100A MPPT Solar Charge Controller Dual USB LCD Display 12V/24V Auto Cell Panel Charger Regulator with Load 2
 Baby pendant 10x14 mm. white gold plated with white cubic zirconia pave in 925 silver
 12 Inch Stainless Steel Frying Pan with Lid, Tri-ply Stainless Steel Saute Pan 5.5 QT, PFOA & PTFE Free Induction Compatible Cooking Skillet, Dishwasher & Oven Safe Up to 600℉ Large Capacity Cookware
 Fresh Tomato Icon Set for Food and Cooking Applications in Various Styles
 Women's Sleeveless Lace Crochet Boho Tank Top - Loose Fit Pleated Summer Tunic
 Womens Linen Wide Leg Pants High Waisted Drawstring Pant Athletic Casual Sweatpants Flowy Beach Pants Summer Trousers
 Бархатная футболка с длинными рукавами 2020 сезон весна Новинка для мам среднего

● **Goal of the exercise**: In the reply, include exactly the lines from the beginning of the entries above through the line holding "12 Inch Stainless", and nothing besides.

● **Solution**:
100A MPPT Solar Charge Controller Dual USB LCD Display 12V/24V Auto Cell Panel Charger Regulator with Load 2
 Baby pendant 10x14 mm. white gold plated with white cubic zirconia pave in 925 silver
 12 Inch Stainless Steel Frying Pan with Lid, Tri-ply Stainless Steel Saute Pan 5.5 QT, PFOA & PTFE Free Induction Compatible Cooking Skillet, Dishwasher & Oven Safe Up to 600℉ Large Capacity Cookware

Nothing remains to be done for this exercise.